Bisnis.com, CIREBON - Produksi garam laut petani di Kecamatan Pangenan, Kabupaten Cirebon, Jawa Barat, terpaksa mundur. Hal tersebut lantaran pada musim kemarau tahun ini masih seringkali diguyur hujan.
Ismail Marzuki (35), petani garam di desa tersebut menyebutkan, pada Mei 2021 akhir, ia bersama petani lainnya memulai mengolah lahan, namun di tengah masa tanam hujan ringan beberapa kali turun.
"Kalau tidak ada hujan, akhir Agustus ini pasti sudah panen, tetapi semua rusak. Sekarang mulai garap lagi, kemungkinan oktober baru panen kalau tidak hujan," kata Ismail di Kabupaten Cirebon, Senin (16/8/2021).
Selain hujan yang masih mengguyur, kata Ismail, pasangnya air laut atau rob pun sering kali merendam lahan tambak garam. Produksi garam tahun-tahun sebelumnya pun masih tersimpan.
Ismail mengatakan, banyak petani garam hasil produksi di beberapa titik Jalan Raya Pantai Laut Utara (Pantura). Hal tersebut beberapa penuhnya stok garam di dalam gudang penyimpanan.
Beberapa karung penyimpan garam terlihat mulai mengalami kerusakan, alhasil garam hasil produksi para petani di Kecamatan Pangenan pun berserakan dan bercampur dengan lumpur.
"Saat ini, harga garam juga tidak mengalami kenaikan harga hanya Rp400 per kilogram.

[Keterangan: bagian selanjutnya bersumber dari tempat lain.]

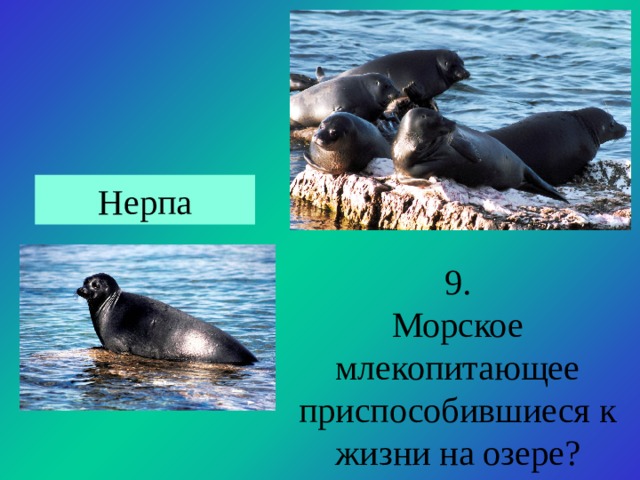 Нерпа 9. Морское млекопитающее приспособившиеся к жизни на озере? 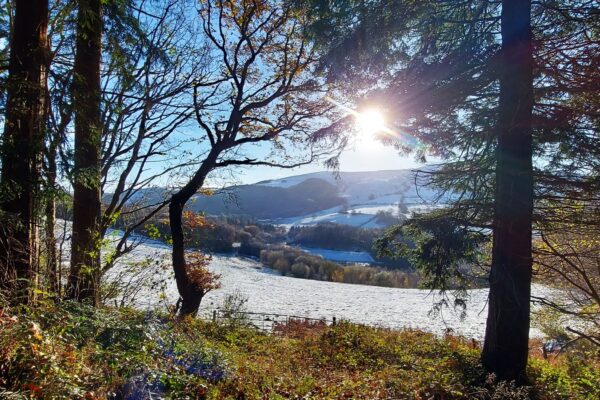 best countryside holiday park in north wales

Padahal, awal tahun lalu sampai Rp1.000," kata Ismail.
Kementerian Kelautan dan Perikanan (KKP) belum lama ini memutuskan akan melakukan impor garam sebanyak 3,07 ton.
Impor garam yang diputuskan tahun ini sebenarnya kebih kecil dari proyeksi kebutuhan garam nasional yang mencapai 4,6 juta ton dengan kebutuhan industri sekitar 3,8 juta ton di antaranya.
Berdasarkan neraca garam 2020, volume garam impor berkontribusi hingga 50,29 persen dari ketersediaan garam nasional. Kebutuhan garam nasional tahun lalu sebesar 4,46 juta ton dengan kebutuhan industri mencapai 83,86 persen atau 3,74 juta ton.
Hingga akhir 2020, garam dari petambak domestik diramalkan akan mencapai 2,8 juta ton seangkan stok garam lokal dari 2019 mencapai 2,1 juta ton.